• [GIVEN RECORDS]
BEGIN

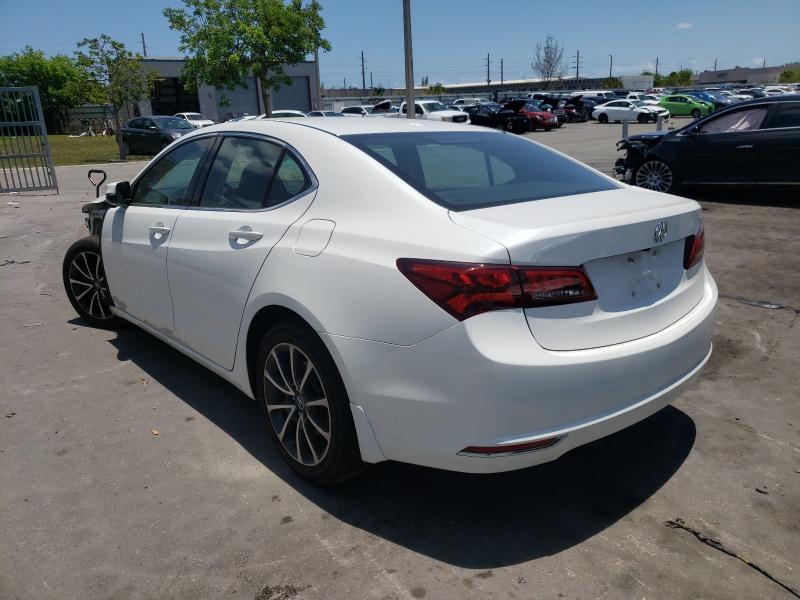 Photo 2 VIN: 19UUB2F58FA009267 - ACURA TLX TECH 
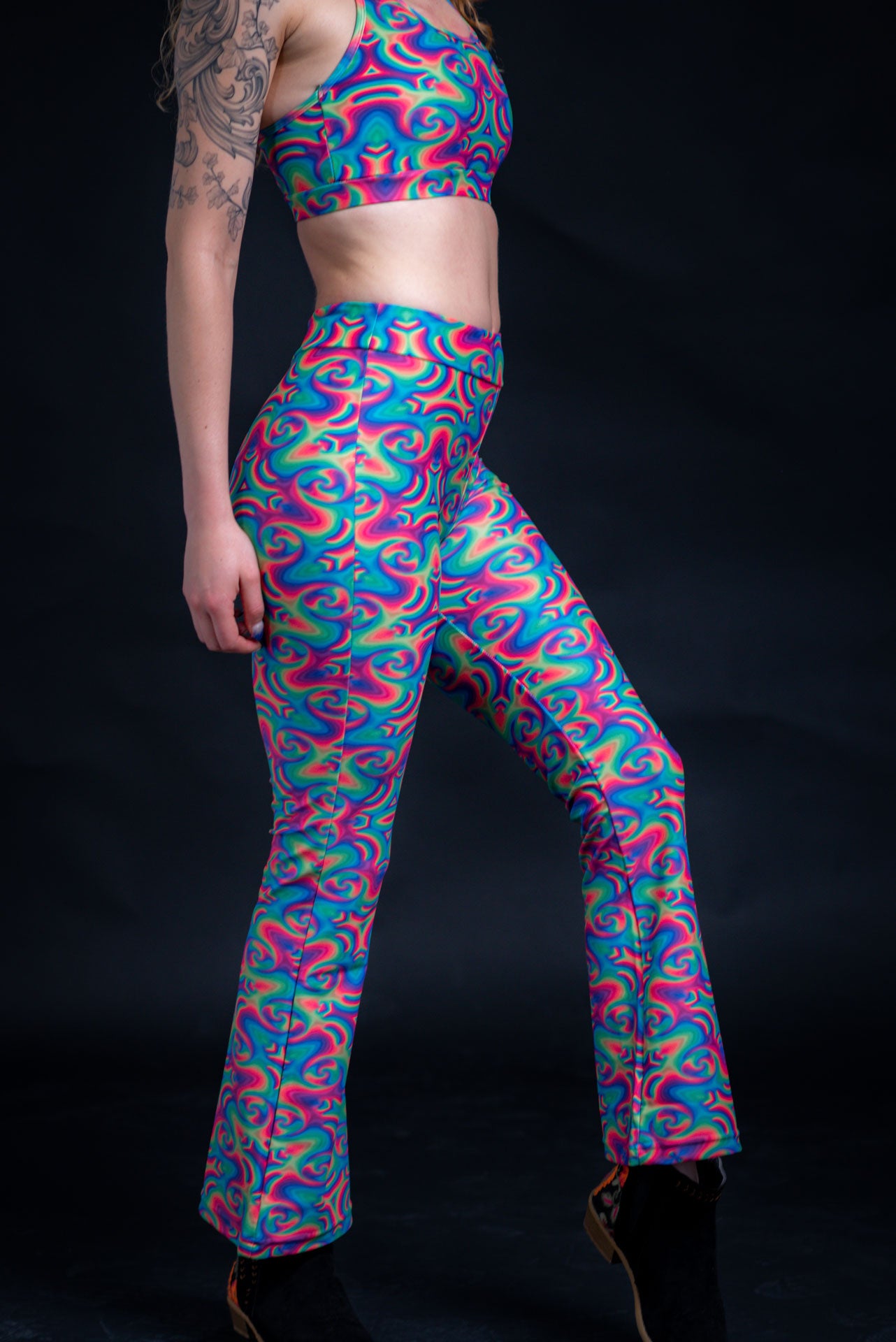 The Steve Bell Bottoms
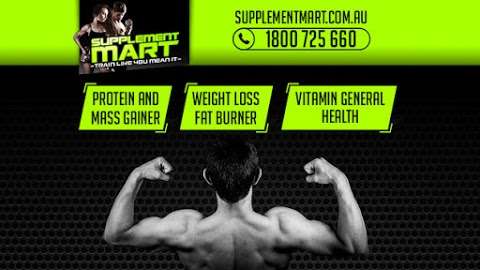 Photo: Supplement Mart Geraldton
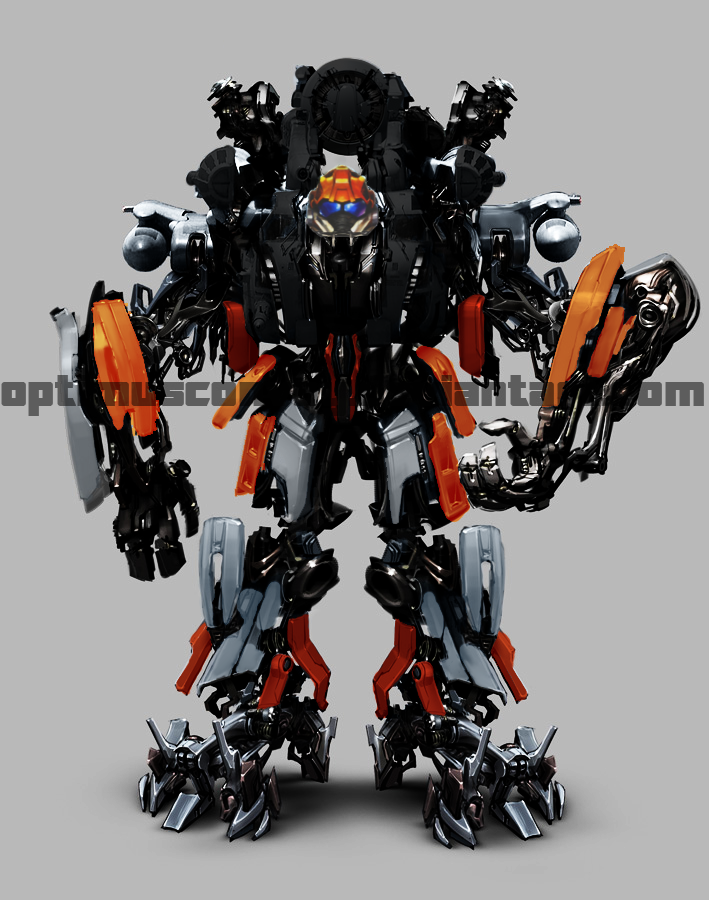 Transformers 2024 evac toy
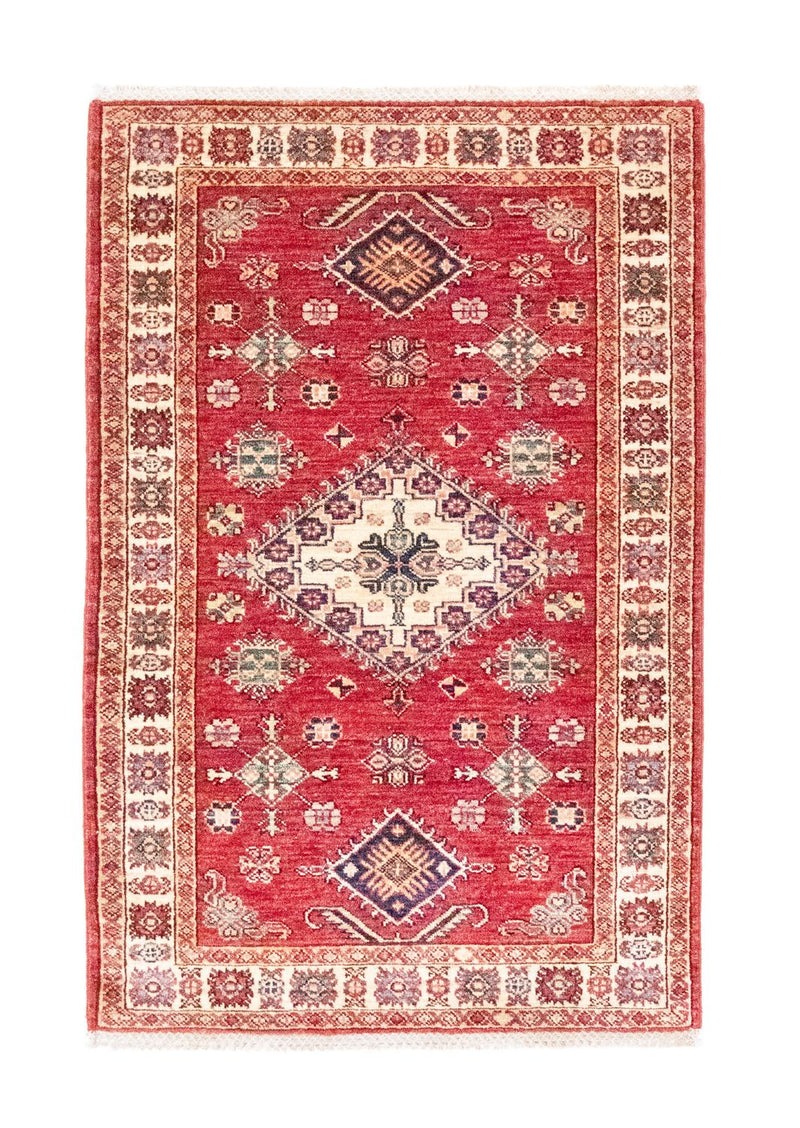 Ziegler Teppe - Kazak - 125 x 83 cm - rød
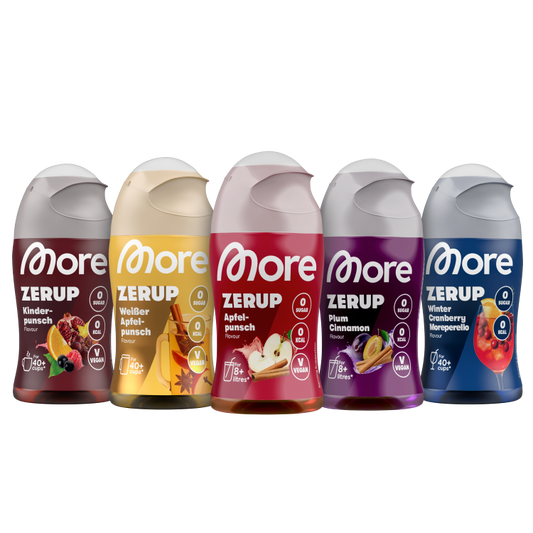 Zerup Christmas Selection Bundle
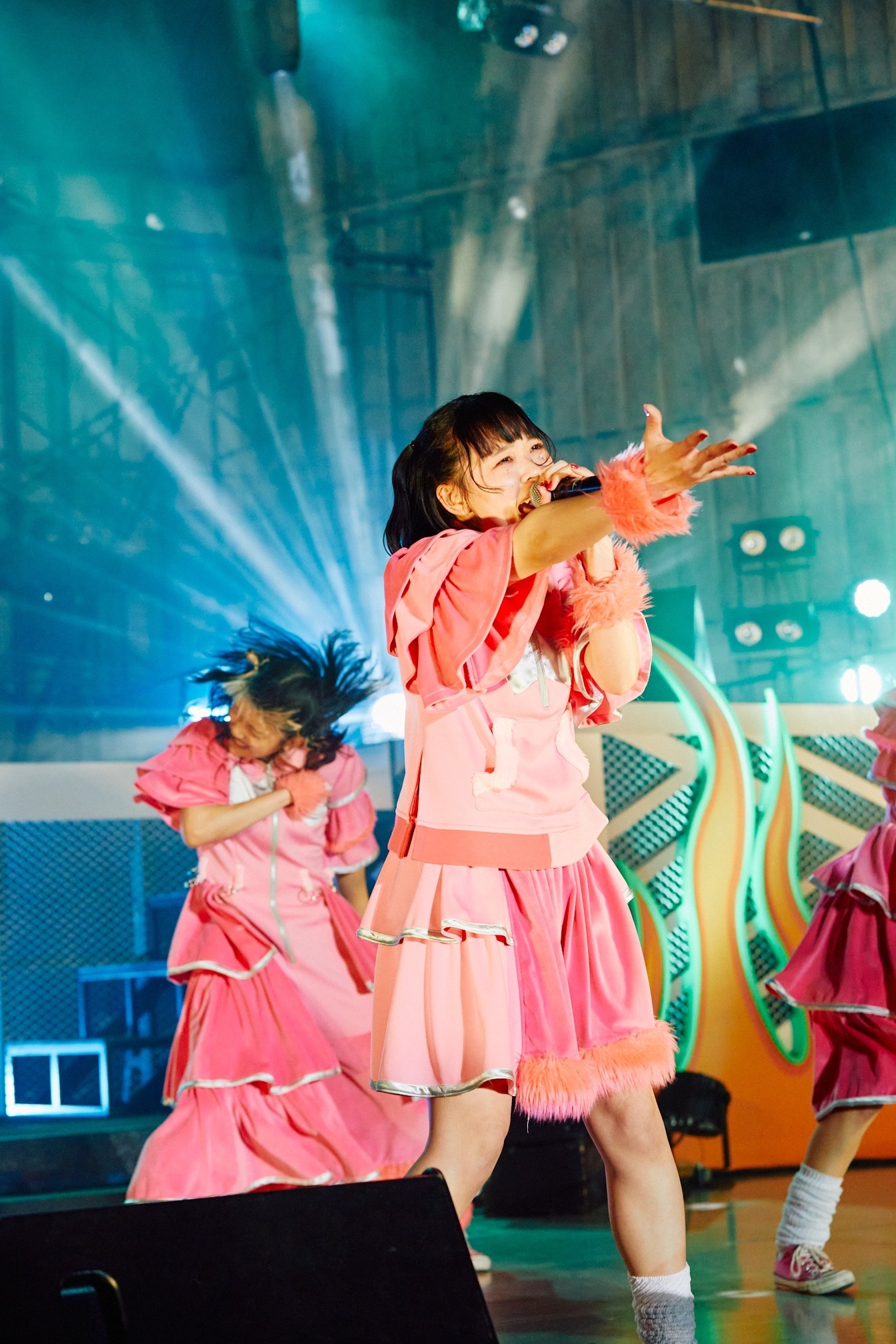 KINCHAN（Photo by Shota Ashino）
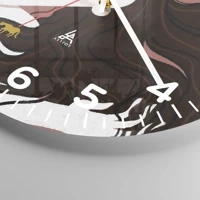 Quadrante con numeri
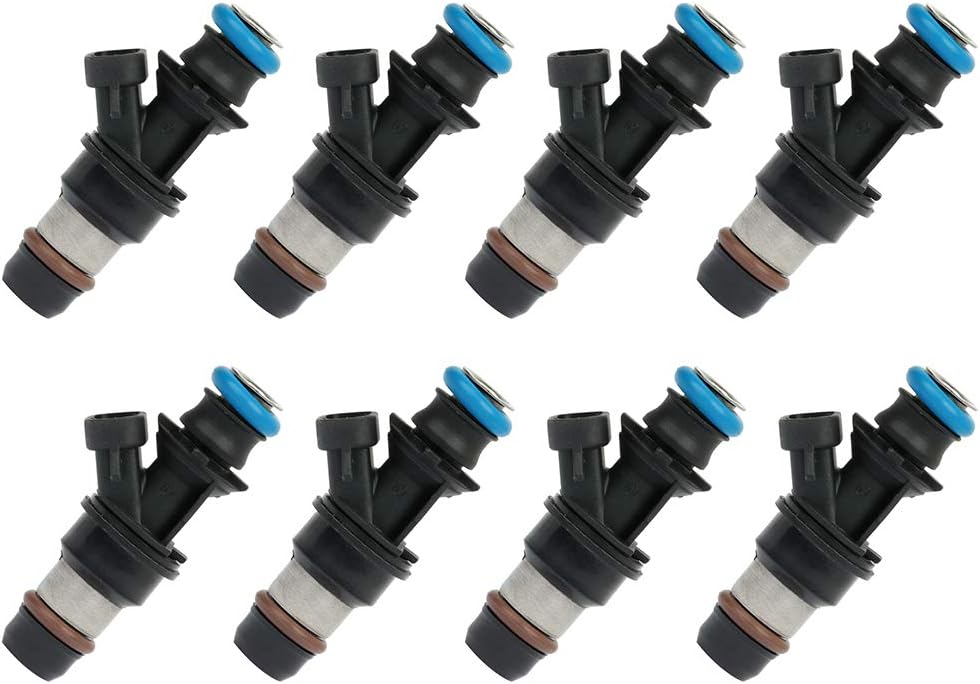 4 Holes Fuel Injectors Sets Pack of 2 V828138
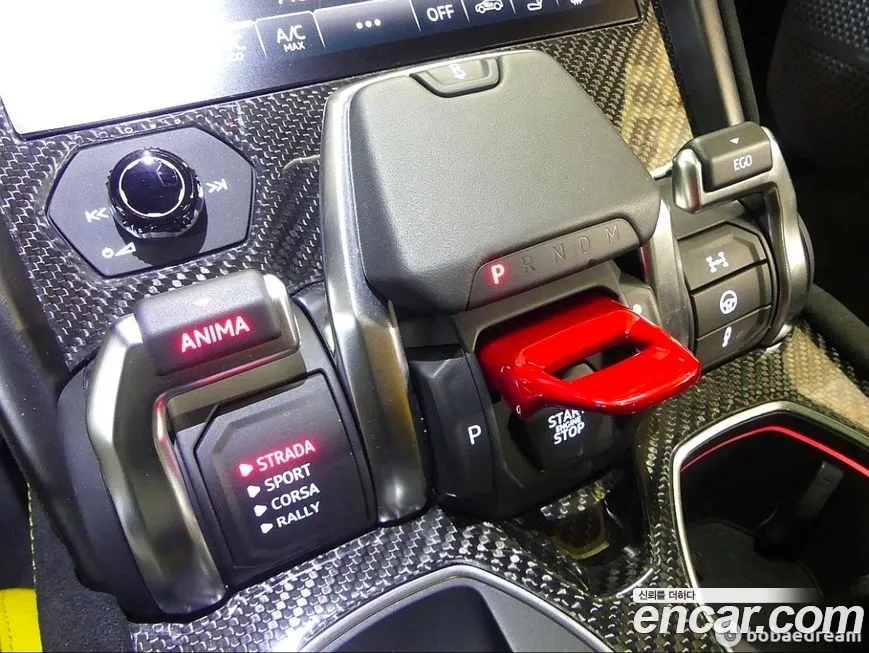 Lamborghini Urus 2023 из KR, фото 6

END

• [TASK STATEMENT]
In the copy, leave out the pictures and restate the records exactly.

• [ANSWER TO THE PROBLEM]
 Photo 2 VIN: 19UUB2F58FA009267 - ACURA TLX TECH 
 The Steve Bell Bottoms
 Photo: Supplement Mart Geraldton
 Transformers 2024 evac toy
 Ziegler Teppe - Kazak - 125 x 83 cm - rød
 Zerup Christmas Selection Bundle
 KINCHAN（Photo by Shota Ashino）
 Quadrante con numeri
 4 Holes Fuel Injectors Sets Pack of 2 V828138
 Lamborghini Urus 2023 из KR, фото 6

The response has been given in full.